The New York State attorney general’s office, which last month subpoenaed Donald J. Trump as part of a civil investigation into his business practices, is also seeking to question two of his adult children as part of the inquiry.
The involvement of the children, Donald Trump Jr. and Ivanka Trump, was disclosed in a court document filed on Monday as the Trump Organization sought to block lawyers for the attorney general, Letitia James, from questioning the former president and his children.
The subpoenas for the former president and two of his children were served on Dec. 1, according to a person with knowledge of the matter. Eric Trump, another of Mr. Trump’s sons, was already questioned by Ms. James’s office in October 2020.
The attorney general’s effort to interview Mr. Trump under oath became public last month, but it was not previously known that her office, which has been conducting a civil investigation into the former president’s business practices for almost three years, was also looking to question Donald Trump Jr. and Ivanka Trump.
Mr. Trump’s three elder children — Donald Jr., Ivanka and Eric — have long been deeply involved in their father’s company, the Trump Organization, which each of them joined shortly after graduating from college.

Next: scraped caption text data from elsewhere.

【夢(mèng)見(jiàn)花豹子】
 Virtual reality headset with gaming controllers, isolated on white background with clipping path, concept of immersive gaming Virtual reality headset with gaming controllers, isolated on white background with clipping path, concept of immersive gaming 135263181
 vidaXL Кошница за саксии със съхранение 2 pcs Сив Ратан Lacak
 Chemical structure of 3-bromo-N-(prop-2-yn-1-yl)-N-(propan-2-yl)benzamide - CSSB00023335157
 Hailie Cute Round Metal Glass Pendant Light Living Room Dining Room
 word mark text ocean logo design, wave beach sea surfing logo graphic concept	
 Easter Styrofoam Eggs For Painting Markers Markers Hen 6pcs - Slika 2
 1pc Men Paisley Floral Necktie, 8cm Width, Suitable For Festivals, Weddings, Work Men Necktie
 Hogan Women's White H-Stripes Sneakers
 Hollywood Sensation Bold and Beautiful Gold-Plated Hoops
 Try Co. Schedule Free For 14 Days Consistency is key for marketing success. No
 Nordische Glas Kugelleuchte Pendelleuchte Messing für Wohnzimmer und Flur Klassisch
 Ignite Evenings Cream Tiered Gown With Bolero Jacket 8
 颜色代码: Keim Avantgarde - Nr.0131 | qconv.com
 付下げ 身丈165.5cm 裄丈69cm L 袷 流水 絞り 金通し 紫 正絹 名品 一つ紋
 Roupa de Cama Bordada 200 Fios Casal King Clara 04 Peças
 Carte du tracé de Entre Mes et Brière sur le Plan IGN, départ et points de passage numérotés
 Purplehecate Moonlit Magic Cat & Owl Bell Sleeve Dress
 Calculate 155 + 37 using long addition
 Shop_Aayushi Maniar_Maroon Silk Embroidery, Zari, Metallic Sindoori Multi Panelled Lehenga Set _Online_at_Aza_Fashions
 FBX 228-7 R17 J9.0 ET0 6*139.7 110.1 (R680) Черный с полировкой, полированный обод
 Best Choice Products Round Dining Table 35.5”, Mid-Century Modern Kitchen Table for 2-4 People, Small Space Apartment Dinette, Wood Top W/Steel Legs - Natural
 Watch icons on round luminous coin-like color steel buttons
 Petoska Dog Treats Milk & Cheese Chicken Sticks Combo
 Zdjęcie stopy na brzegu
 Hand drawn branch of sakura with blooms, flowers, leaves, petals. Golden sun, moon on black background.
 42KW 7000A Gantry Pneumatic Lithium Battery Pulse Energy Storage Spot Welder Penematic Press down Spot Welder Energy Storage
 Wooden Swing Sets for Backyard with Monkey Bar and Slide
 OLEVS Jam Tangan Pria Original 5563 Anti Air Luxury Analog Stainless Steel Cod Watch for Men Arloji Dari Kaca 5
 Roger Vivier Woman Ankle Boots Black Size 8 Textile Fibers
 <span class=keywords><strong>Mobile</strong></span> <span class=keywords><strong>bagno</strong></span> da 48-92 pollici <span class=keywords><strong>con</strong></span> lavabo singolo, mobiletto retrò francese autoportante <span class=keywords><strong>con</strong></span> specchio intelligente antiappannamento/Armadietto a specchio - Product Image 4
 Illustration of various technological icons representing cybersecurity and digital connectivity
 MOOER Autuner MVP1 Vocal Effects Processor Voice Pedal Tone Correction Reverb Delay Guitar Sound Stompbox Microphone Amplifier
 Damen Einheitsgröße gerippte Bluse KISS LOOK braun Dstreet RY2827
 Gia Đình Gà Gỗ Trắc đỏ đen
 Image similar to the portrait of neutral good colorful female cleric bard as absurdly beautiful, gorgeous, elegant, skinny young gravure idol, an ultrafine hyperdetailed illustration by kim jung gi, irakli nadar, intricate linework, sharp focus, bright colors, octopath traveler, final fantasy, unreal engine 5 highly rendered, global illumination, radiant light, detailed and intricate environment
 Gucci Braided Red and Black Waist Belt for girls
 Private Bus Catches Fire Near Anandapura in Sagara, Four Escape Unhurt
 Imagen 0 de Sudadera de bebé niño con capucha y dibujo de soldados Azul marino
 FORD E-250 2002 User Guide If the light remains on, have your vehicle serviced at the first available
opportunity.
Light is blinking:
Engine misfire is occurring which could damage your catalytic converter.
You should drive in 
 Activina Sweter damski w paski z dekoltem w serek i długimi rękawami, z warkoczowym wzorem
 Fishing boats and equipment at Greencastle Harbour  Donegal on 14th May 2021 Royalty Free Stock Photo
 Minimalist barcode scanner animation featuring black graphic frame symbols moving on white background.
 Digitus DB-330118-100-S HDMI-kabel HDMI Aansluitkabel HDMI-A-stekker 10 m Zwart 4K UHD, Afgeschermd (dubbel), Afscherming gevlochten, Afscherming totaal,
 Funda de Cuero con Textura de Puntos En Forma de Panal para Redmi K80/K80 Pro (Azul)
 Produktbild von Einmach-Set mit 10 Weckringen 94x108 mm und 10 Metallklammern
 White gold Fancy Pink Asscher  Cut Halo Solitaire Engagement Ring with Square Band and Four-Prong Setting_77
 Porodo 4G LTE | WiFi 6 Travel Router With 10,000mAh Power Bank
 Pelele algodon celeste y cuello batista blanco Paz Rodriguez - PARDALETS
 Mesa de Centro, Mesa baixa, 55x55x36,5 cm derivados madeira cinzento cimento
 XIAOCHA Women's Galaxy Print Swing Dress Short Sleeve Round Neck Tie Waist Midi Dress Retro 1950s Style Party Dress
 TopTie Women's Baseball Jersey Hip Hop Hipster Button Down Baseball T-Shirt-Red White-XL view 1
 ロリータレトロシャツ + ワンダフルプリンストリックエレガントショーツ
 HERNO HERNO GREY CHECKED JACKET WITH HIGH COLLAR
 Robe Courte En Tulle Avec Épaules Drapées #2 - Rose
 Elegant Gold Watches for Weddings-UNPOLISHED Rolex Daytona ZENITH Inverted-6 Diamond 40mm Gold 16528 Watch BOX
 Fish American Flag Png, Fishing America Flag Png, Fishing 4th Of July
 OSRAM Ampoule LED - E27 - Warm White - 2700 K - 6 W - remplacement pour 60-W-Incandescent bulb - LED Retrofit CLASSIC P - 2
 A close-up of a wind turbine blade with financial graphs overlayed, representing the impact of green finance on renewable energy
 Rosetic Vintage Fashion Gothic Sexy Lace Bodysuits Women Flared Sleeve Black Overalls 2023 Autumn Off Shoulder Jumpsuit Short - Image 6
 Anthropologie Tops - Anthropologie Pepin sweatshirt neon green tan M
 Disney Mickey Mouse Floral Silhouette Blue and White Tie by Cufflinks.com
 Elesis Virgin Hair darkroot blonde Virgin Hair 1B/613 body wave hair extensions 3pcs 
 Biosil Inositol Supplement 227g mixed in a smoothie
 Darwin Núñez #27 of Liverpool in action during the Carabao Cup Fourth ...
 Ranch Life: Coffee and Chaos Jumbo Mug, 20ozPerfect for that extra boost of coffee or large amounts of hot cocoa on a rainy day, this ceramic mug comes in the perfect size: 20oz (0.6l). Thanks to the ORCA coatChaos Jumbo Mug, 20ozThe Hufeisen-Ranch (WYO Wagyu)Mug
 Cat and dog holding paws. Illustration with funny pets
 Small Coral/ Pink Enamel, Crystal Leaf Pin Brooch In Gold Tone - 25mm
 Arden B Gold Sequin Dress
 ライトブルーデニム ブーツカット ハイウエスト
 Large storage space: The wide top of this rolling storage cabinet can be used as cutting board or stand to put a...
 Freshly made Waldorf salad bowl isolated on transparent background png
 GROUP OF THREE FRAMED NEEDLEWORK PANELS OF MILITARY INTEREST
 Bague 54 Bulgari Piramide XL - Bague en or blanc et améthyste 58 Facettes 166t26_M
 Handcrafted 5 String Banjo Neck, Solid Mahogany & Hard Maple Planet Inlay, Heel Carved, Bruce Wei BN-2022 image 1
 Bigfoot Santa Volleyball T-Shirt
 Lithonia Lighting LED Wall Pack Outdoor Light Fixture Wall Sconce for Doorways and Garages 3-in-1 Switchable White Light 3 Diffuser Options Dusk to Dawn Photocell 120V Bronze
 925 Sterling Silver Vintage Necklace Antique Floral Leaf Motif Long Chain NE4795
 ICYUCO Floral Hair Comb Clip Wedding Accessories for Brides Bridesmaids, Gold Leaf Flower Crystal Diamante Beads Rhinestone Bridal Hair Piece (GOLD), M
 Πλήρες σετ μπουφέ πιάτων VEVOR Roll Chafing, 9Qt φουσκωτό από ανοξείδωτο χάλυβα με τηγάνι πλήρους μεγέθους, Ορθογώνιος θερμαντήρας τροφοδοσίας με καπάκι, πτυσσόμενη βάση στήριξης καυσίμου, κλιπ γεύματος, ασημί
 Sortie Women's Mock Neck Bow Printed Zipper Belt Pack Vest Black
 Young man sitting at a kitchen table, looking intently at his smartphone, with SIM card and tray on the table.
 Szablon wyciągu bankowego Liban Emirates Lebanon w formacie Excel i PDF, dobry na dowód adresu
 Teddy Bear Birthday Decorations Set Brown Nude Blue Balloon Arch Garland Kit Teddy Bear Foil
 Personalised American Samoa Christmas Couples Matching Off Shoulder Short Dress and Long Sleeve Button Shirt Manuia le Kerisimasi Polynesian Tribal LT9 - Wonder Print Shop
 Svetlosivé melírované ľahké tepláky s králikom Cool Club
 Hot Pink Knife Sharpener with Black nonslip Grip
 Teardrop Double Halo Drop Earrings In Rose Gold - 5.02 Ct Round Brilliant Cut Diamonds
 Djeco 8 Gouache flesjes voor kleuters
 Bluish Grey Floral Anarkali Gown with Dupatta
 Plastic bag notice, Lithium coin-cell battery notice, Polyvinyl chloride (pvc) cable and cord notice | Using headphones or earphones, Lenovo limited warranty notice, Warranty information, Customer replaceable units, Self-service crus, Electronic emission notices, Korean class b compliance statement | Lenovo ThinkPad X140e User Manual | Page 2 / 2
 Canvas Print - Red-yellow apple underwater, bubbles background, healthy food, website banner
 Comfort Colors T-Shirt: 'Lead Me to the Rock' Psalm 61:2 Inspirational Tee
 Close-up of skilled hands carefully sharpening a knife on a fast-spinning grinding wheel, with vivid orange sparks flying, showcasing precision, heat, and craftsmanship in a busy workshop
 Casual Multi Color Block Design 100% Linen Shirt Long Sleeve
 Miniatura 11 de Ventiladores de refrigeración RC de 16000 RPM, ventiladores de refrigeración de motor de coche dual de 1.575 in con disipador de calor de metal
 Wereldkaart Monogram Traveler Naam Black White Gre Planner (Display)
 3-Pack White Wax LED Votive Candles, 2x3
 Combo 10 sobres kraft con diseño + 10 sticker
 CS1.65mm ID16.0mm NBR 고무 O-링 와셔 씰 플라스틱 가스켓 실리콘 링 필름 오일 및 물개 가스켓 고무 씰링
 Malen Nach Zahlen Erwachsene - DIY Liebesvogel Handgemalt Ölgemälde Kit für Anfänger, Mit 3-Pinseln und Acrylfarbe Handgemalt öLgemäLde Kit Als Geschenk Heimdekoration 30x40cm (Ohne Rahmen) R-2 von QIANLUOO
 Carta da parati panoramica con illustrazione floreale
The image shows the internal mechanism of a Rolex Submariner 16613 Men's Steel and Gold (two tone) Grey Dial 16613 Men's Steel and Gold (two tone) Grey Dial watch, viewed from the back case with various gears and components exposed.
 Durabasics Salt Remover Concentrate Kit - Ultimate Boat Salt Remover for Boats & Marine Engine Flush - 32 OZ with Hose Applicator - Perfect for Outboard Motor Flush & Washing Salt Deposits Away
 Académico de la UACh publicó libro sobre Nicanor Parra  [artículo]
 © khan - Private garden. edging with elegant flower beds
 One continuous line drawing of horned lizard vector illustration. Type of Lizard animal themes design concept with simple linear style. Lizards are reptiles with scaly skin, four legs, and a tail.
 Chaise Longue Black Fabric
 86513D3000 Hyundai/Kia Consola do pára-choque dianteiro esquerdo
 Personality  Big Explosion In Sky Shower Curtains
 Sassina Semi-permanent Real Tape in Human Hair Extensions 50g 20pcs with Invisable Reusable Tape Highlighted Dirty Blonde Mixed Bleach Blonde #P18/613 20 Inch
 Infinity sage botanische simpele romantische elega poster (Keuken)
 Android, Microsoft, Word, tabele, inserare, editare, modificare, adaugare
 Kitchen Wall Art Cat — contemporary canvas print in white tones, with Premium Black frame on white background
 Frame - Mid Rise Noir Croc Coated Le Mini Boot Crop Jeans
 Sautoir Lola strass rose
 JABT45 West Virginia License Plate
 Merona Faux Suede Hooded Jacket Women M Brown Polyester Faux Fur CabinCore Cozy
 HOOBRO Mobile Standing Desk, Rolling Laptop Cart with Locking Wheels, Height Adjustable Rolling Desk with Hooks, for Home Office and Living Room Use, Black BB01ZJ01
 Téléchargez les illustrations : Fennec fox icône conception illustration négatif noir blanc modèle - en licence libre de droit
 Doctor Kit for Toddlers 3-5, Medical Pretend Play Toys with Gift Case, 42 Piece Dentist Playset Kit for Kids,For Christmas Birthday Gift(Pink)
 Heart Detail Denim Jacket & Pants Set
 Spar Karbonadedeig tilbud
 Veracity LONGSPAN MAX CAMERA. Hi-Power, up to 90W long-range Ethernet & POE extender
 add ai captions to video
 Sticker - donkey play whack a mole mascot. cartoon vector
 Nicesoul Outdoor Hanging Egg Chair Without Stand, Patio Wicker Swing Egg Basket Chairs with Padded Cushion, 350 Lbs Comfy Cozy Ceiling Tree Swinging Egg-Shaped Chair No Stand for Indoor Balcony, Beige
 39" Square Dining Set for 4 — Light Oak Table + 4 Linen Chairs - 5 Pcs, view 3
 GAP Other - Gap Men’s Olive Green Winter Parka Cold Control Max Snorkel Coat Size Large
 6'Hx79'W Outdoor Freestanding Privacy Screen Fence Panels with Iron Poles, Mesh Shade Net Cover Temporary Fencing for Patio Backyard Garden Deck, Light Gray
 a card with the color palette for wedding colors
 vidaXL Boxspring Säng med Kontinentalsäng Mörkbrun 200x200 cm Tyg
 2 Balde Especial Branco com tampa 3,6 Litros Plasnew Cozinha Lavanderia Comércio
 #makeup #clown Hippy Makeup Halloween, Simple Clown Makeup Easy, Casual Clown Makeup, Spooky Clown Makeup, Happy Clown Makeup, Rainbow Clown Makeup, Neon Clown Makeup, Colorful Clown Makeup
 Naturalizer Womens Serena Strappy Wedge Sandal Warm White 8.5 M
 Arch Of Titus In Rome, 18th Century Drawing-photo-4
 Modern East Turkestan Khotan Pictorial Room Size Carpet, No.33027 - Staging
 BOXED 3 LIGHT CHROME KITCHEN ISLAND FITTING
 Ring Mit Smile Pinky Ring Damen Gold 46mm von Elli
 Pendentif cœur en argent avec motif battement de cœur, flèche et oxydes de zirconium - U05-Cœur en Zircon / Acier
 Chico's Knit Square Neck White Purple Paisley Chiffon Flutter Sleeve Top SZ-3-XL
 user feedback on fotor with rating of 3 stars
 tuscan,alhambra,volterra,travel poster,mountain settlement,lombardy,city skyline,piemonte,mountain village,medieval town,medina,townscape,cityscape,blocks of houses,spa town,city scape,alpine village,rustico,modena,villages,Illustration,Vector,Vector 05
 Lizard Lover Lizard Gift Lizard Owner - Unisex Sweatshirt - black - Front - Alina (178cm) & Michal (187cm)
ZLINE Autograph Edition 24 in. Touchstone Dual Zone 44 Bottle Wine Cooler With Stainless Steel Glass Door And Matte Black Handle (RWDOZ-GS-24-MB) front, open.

When Mr. Trump became president in 2017, he turned the business over to Donald Trump Jr. and Eric Trump, as well as the company’s longtime chief financial officer, Allen H. Weisselberg. Ms. Trump took an office in the West Wing.
Ms. James’s civil inquiry is focused on whether Mr. Trump fraudulently inflated the value of his assets to secure bank loans and understated them elsewhere to reduce his tax bill.
She has obtained a number of documents related to the inquiry and has scrutinized several of the Trump Organization’s properties, including its Seven Springs estate in Westchester County and the Trump International Hotel & Tower in Chicago.
If Ms. James finds evidence of wrongdoing, she can file a lawsuit. As her investigation is civil, she cannot file criminal charges.
Representatives for Ms. James and the Trump Organization could not immediately be reached for comment.
The legal filing that disclosed the subpoenas on Monday was signed by a judge who presided over an earlier court action brought by the attorney general’s office that forced the Trump Organization to turn over records and Eric Trump to submit to questioning.
The Trump Investigations
Numerous inquiries. Since former President Donald Trump left office, there have been many investigations and inquiries into his businesses and personal affairs. Here’s a list of those ongoing:
Investigation into criminal fraud. The Manhattan district attorney’s office and the New York attorney general’s office are investigating whether Mr. Trump or his family business, the Trump Organization, engaged in criminal fraud by intentionally submitting false property values to potential lenders.
Investigation into tax evasion. As part of their investigation, in July 2021, the Manhattan district attorney’s office charged the Trump Organization and its chief financial officer with orchestrating a 15-year scheme to evade taxes. A trial in that case is scheduled for summer 2022.
Investigation into election interference. The Atlanta district attorney is conducting a criminal investigation of election interference in Georgia by Mr. Trump and his allies.
Monday’s filing set a schedule for Mr. Trump’s lawyers to move to quash the latest subpoenas, and for the attorney general’s office to respond to any such motion.
Ms. James’s office is also involved in the separate criminal investigation being led by the Manhattan district attorney, Alvin Bragg, who was sworn in on Saturday. The previous district attorney, Cyrus R. Vance Jr., who had been supervising the investigation, left office at the end of the year.
Mr. Weisselberg and the Trump Organization were indicted in July as part of the criminal inquiry and accused by Mr. Vance’s prosecutors of running a tax-avoidance scheme in which executives were compensated with off-the-books benefits. Lawyers for Mr. Weisselberg have said that he will fight the charges in court.
Last month, lawyers for Mr. Trump filed a lawsuit against Ms. James, seeking to halt her civil inquiry and to bar her participation in the criminal investigation. The lawsuit, filed in federal court in Albany, argued that Ms. James had violated Mr. Trump’s political rights and that her actions had been “guided solely by political animus.”
“Neither Mr. Trump nor the Trump Organization get to dictate if and where they will answer for their actions,” Ms. James said in response. Her office has not yet responded to the lawsuit in court.